# Which photo looks better to you, and why?



## EeyorIs21 (Mar 28, 2008)

I am seeking to get some feedback on which photo looks better, and why. Which photo might better make the sale?

I think that the second photo is better in that it appears brighter and seems to show more of the characteristics of the material used but I also think the same photo has more glare which is distracting.

Just asking for opinions.


1st photo:






2nd photo:


----------



## igran7 (Mar 28, 2008)

The second one definately!


----------



## igran7 (Mar 28, 2008)

Oops, I forgot to state why[:0]  The second one is better because of the reasons you stated above.  Much brighter and shows more detail


----------



## EeyorIs21 (Mar 28, 2008)

Is the glare in the photo distracting or acceptable?


----------



## gerryr (Mar 29, 2008)

First of all, resize your photos to no more than 800 pixels on the longest side, this one is 1188 pixels wide.  It's much easier to provide comments if you don't have to keep scrolling around to view the whole thing.

You have a problem with focus, primarily because of the way you have pen oriented.  Several of us keep saying the same thing, orient the pen so it is parallel to the back of camera and focus will not be an issue.

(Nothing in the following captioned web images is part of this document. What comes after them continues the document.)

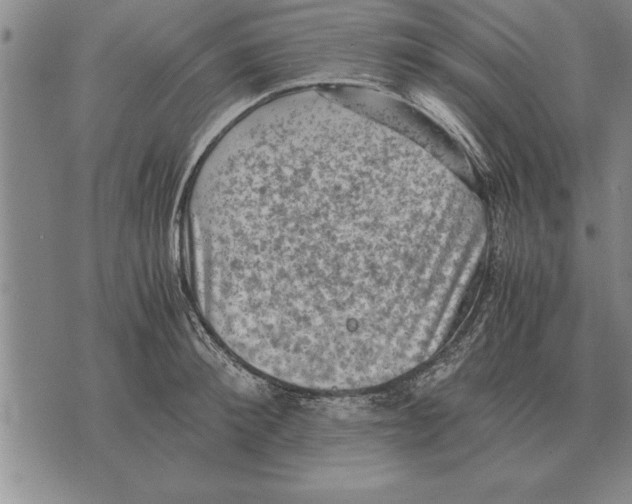 X0000075870900200610151657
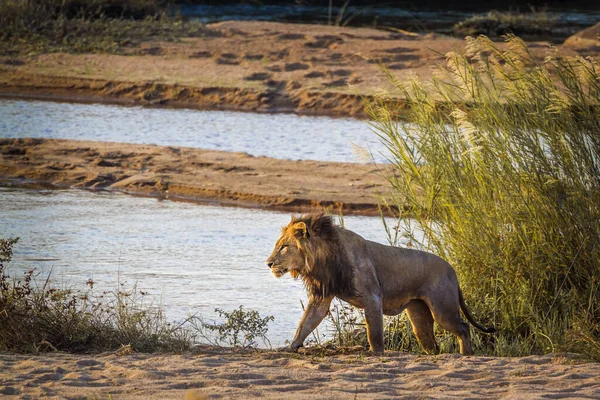 León Africano Caminando Por Orilla Del Río Parque Nacional Kruger — Foto de Stock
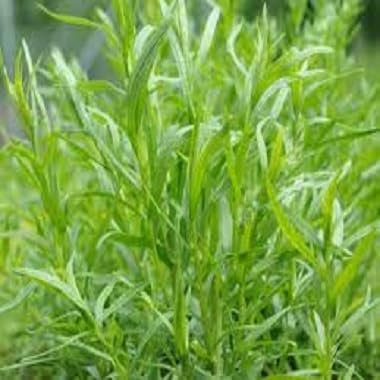 Nuevas semillas frescas de plantas de estragón de 60 piezas
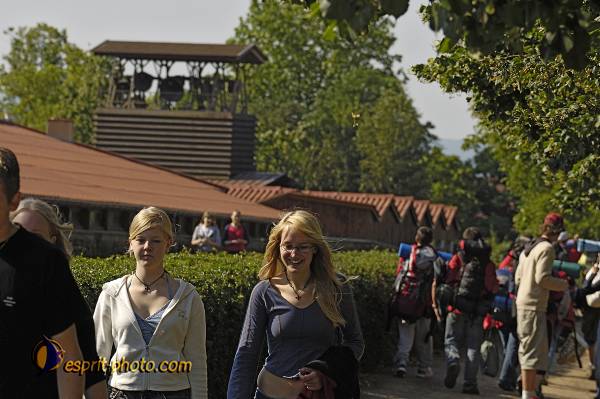 Nom de l'image : D2027137-1 — Description :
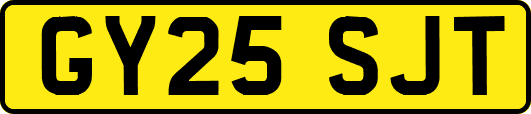 GY25SJT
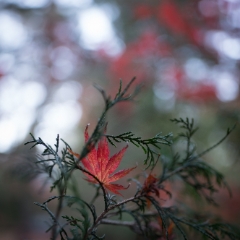 Fall Colors Photography Red Acer entangled To order a print please email me at  Mike Reid Photography : leaf, leaves, fall, fall colors, autumn, autumn colors, acer, japanese maples, botanical, abstract, bokeh, zeiss, macro, northwest, northwest images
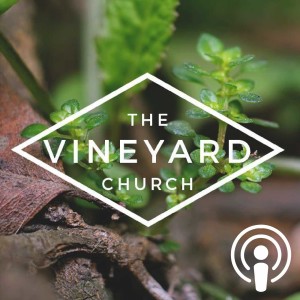 We Are Vineyard - Doing The Stuff / Naturally Supernatural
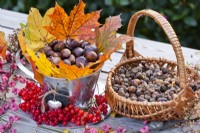 Basket with collected oak acorns and vase filled with chestnut and decorated with autumn foliage and guelder rose berries.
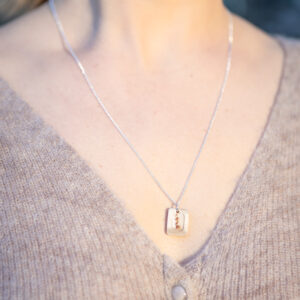 KIIRA x Sodankylän suolaheinä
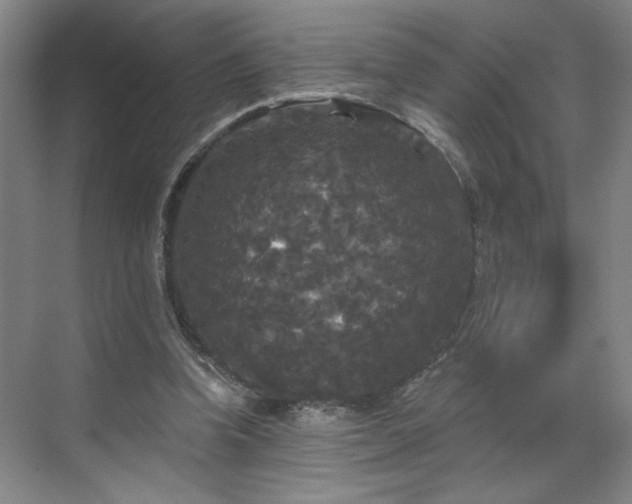 X0000070340346200606161256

The first photo is, in one way, quite a bit better than the second.  The lighting is quite even and it doesn't have the blown out specular highlight of the second one.  The photo is just too dark, but that's easy to fix by just slowing down the shutter but leaving the aperture where it is.  There's about a one stop difference between the photos, so just double the exposure time.


----------



## maxwell_smart007 (Mar 29, 2008)

second photo, for sure!  More detail!


----------



## leehljp (Mar 29, 2008)

I liked the first one better even though it is darker. I think it should be lighter, but the second picture looks as though it was lightened in Photoshop, which makes it look a little too grainy. My opinion only and I am not known for my photography.


----------



## stevebuk (Mar 29, 2008)

hi
took the opportunity to re-do the picture, please let me know if i was wrong and i will remove it.


----------



## btboone (Mar 29, 2008)

The first one gives more natural color.  Perhaps if the first one was lightned slightly without going to the extreme of the second one, that would show the pen better.  Changing the color too drastically changes the natural look.  This is very apparent in stevebuks's picture, which shows a very grainy texture, partly because of resaving a jpeg, in which data is lost, and resizing, where data is also lost.  Of the three, I like the first one best to show the pen.


----------



## waterboy (Mar 29, 2008)

The re-do is better than the first set.  To me the pen appears sharper and is better balanced in the frame.


----------



## LEAP (Mar 29, 2008)

Hi Robert have not seen you posting for a while, Since the last pen swap actually. Pen looks good.


----------



## arjudy (Mar 29, 2008)

The second, because it is lighter and shows more detail.


----------



## Hello (Mar 31, 2008)

I like the second onebecuase some of the lighter hues re expressed more clearly, but, it looks a bit "washed" compared to the first one....so, I can't decide.


----------